Early in its history the first Celtic tribes arrived and began to inhabit the island; it is likely that these immigrants arrived from Ireland, as the current Manx Gaelic language so closely resembles Irish Gaelic. The island’s name derives from Manannán, a Celtic sea god.
The island’s conversion to Christianity in the fifth century is generally attributed to St Maughold, an Irish missionary with a very colourful past.
Between AD 800 and AD 815 the first Scandinavian tourists began to arrive. Initially these Vikings came on wealth distribution schemes, or as some refer to it ‘to pillage and plunder’; however by 850 it appears that they began to settle. The island became an important staging post in connecting the Viking outposts of Dublin, northwest England and the Scottish Western Isles.
The Isle of Man eventually came under the rule of the Scandinavian Kings of Dublin, and it was the Vikings in AD 979 who established the self-governing parliament of the island known as Tynwald. The annual ceremonial meeting, usually occurring on 5th July, continues to be held at Tynwald Hill where new laws are announced.
In 1266 the Treaty of Perth ended the military conflict between Norway and Scotland over the sovereignty of the Hebrides, Caithness and the Isle of Man. In the treaty Norway recognised Scottish sovereignty over the disputed territories in return for a lump sum of 4,000 marks and an annuity of 100 marks.
England’s first claim to the Isle of Man appears to date from 1290, when King Edward I (Hammer of the Scots) took possession of the island. Over the next few decades the island alternated between Scottish and English rule until the struggle was eventually decided in England’s favour.
Manx history appears to have gained stability when in 1405, King Henry IV granted the island to Sir John Stanley on a feudal basis, with fees and homage promised to all future kings of England.
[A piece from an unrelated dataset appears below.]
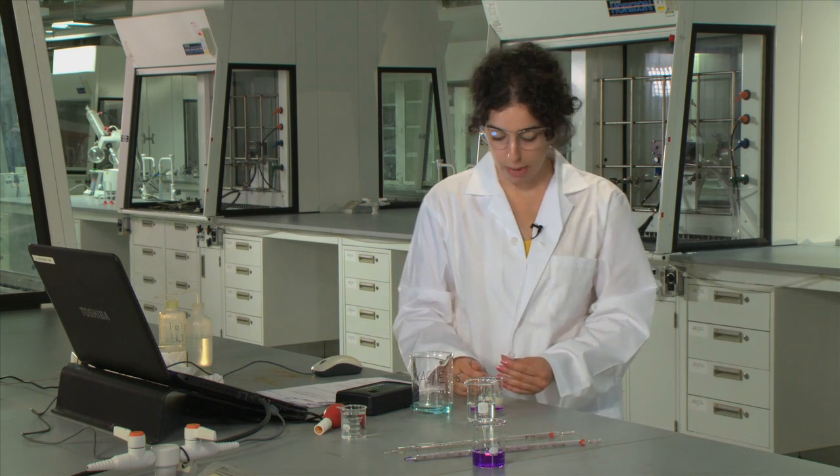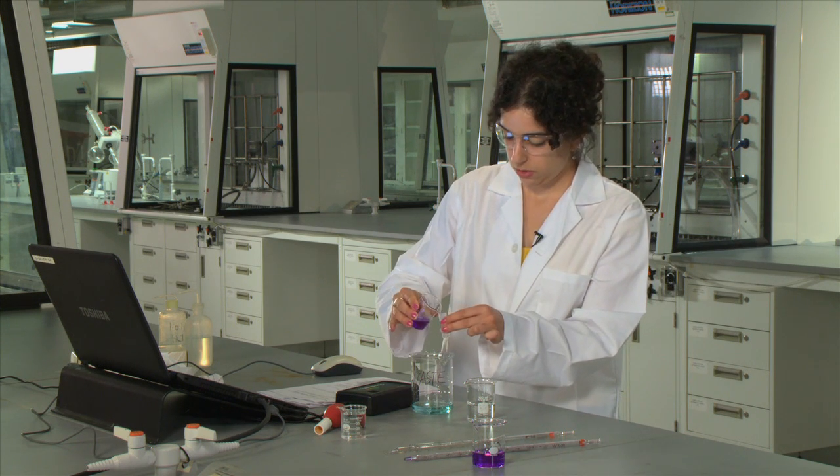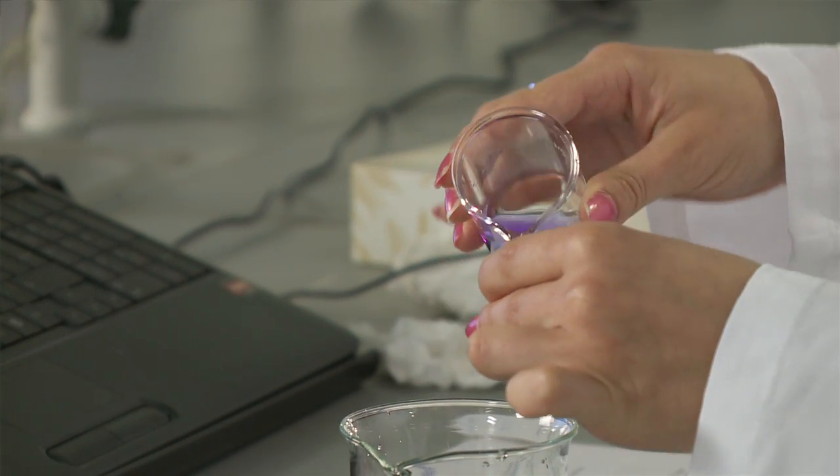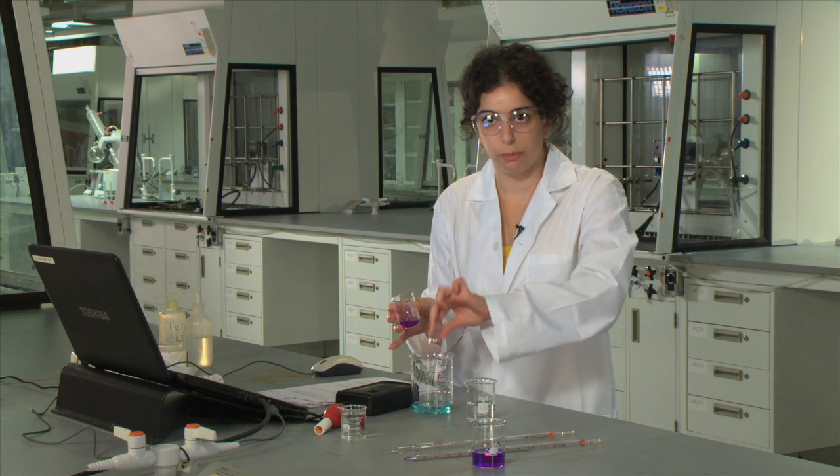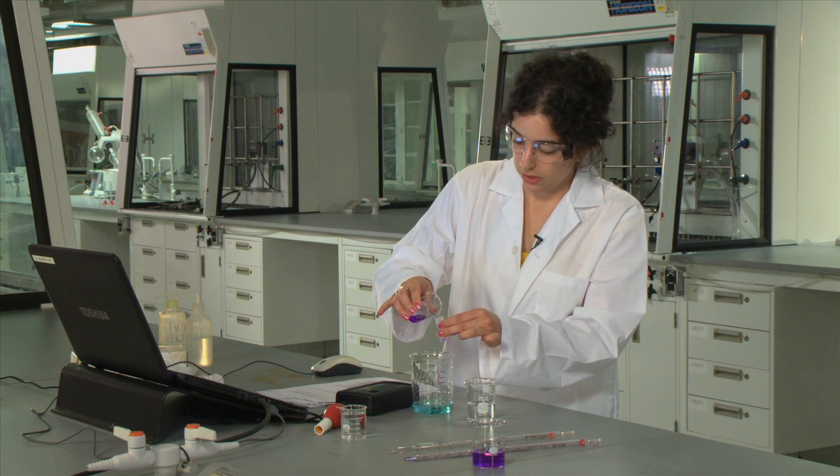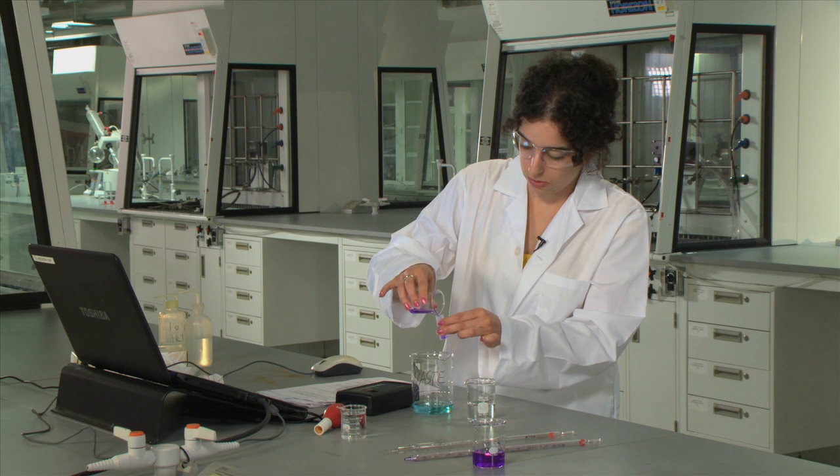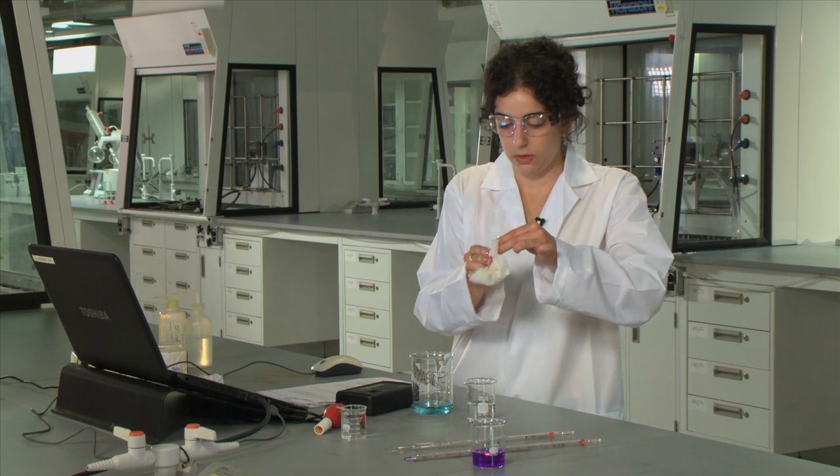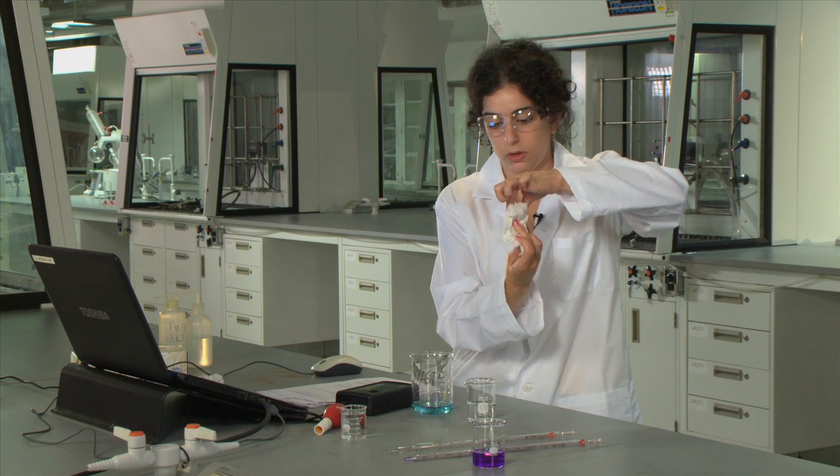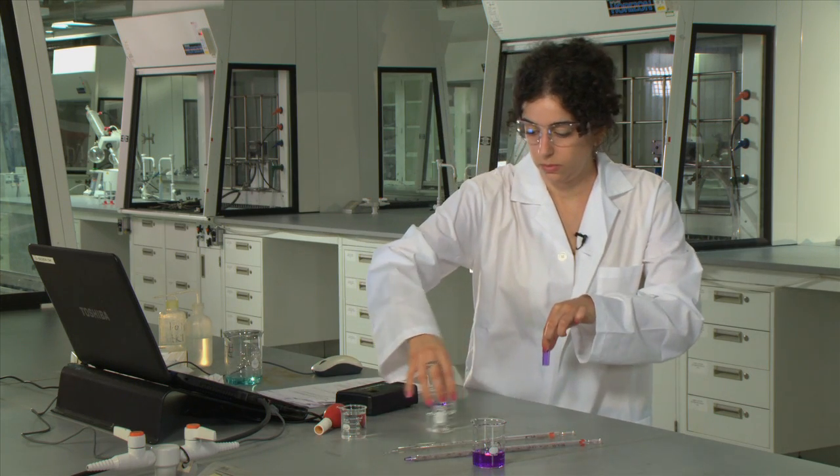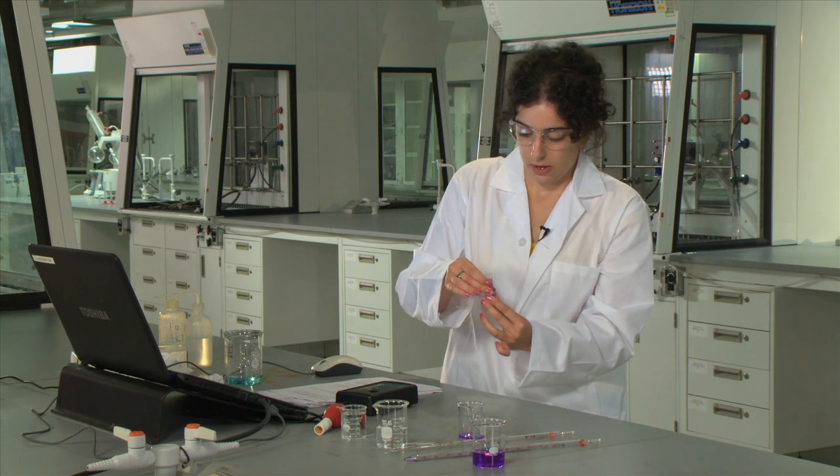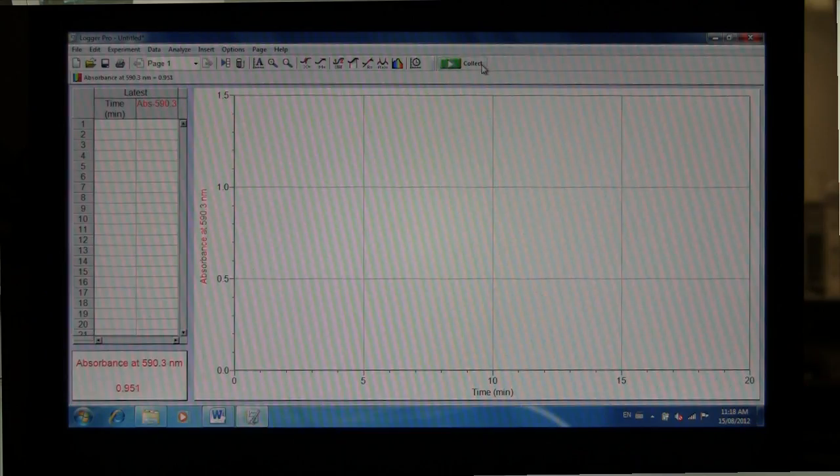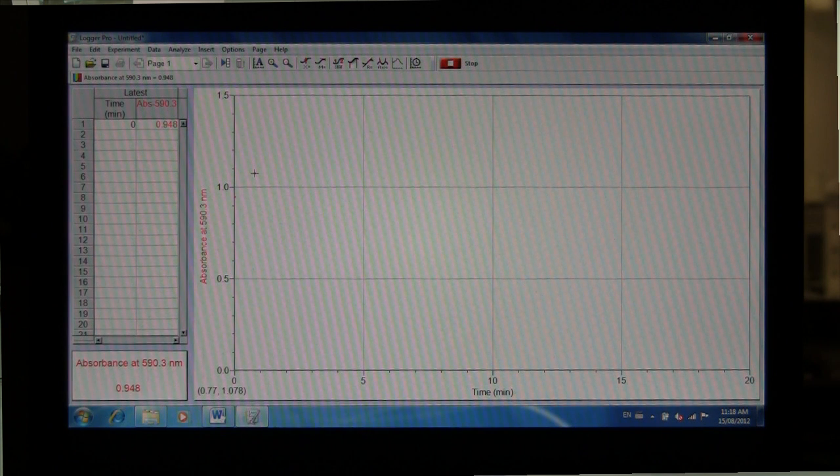And then once 30 seconds have passed, you're then going to add a little bit of the solution just to sort of wipe out any leftover solution from your previous measurements. And then fill up the cuvette, give it a quick wipe on the faces of the cuvette and place the cuvette in your spectrometer. On your LoggerPro software, you can then click Collect. And then your experiment will run for 20 minutes.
This stability was ensured by successive generations of rule by the Stanley family.
Castle Rushen, Castletown
Due to its convenient off-shore location, the Isle of Man became an important centre for the illegal contraband trade throughout much of the fifteenth and sixteenth centuries. The government at Westminster attempted to legislate against such trade with the passage of the Smuggling Act in 1765. The Manx-folk however had their own term of endearment for this piece of legislation; they referred to it as the Mischief Act.
The Industrial Revolution appears to have arrived on the island in 1854 with the building of the largest waterwheel in the world. At 72 feet in diameter, the Laxey Wheel was constructed to pump water from the lead mines some 200 fathoms below.
It was also around this time the economy of the Isle of Man also began to change with the influx of the new tourist pound, transported then, as it still is today, mainly by the Isle of Man Steam Packet Company.
The island’s infrastructure quickly adapted to cope with the massive influx of tourists with the building of the Isle of Man Steam Railway, Manx Electric Railway and Snaefell Mountain Railway systems.
Today leatherclad tourists from around the world still flood to the Isle of Man each year in May and June for the TT Races. Outside of these dates however, visitors can enjoy perhaps at a more sedate pace the historical sites of this unique island; including the Laxey Wheel, Castle Rushen and Peel Castle. Whilst in Peel, the superb House of Manannan interactive museum is not to be missed. Please follow this link for more details concerning these fascinating museums and heritage sites.
The Three Legs of Man, as seen on the front of the image of the Laxey Wheel above, remains the island’s symbol of independence, and whilst there is much debate about which way the legs should run, its meaning is undisputed: Quocunque Jeceris Stabit – ‘Whichever way you throw me I stand’.